- **Directions for this task**
Write out the entire listing below exactly, with the pictures left out.

- **Available data**
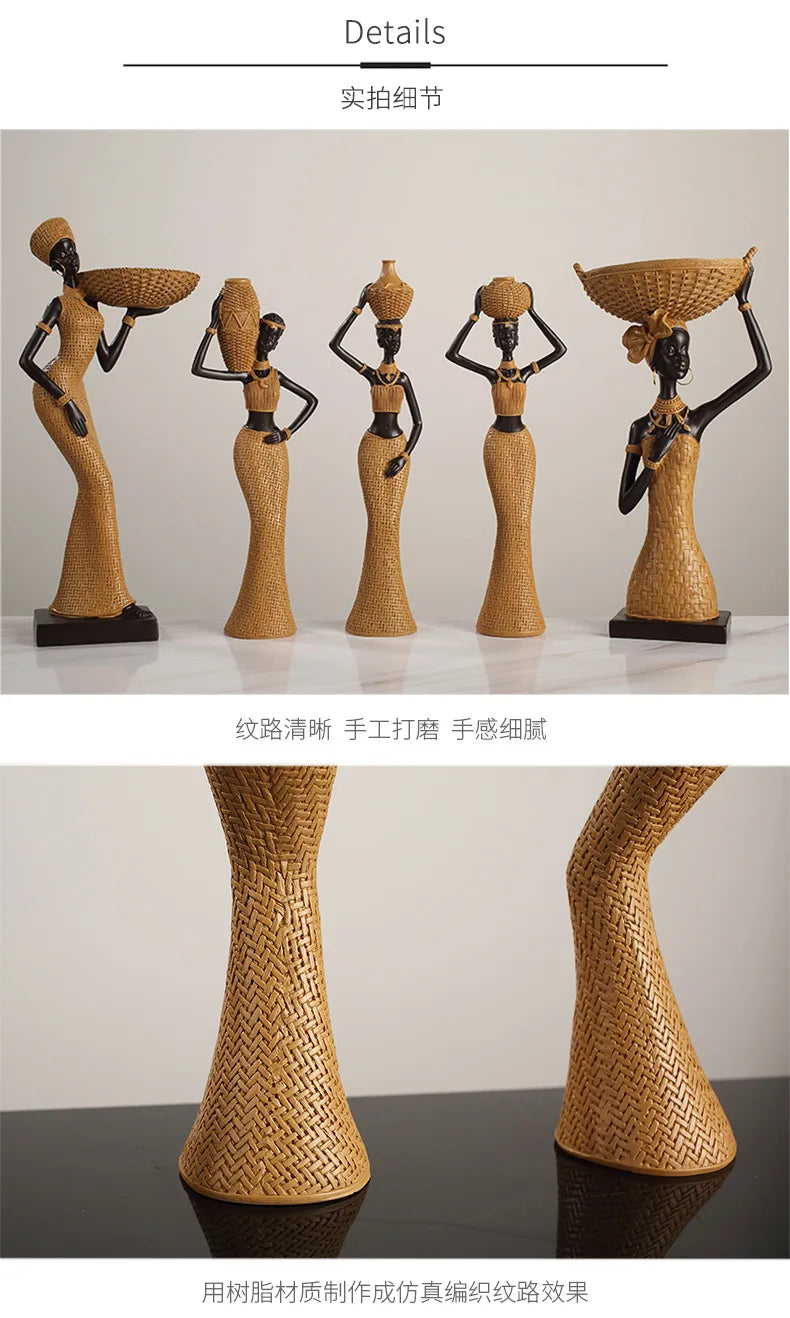 Woven in Gold — Tribal Weave Resin Sculpture in Bohemian Gold & Brown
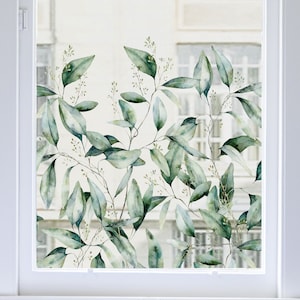 Seeded Eucalyptus Window Film Privacy Border - Watercolour Plant Leaves Window Sticker Decal by Dizzy Duck
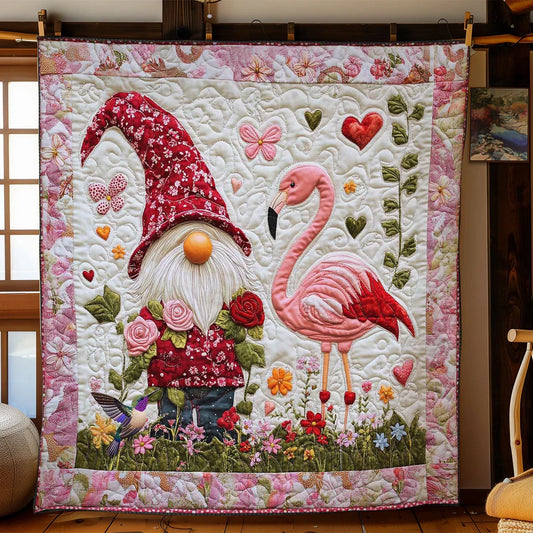 Flamingo And Gnome Blossoms Quilt Blanket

- **Your response**
 Woven in Gold — Tribal Weave Resin Sculpture in Bohemian Gold & Brown
 Seeded Eucalyptus Window Film Privacy Border - Watercolour Plant Leaves Window Sticker Decal by Dizzy Duck
 Flamingo And Gnome Blossoms Quilt Blanket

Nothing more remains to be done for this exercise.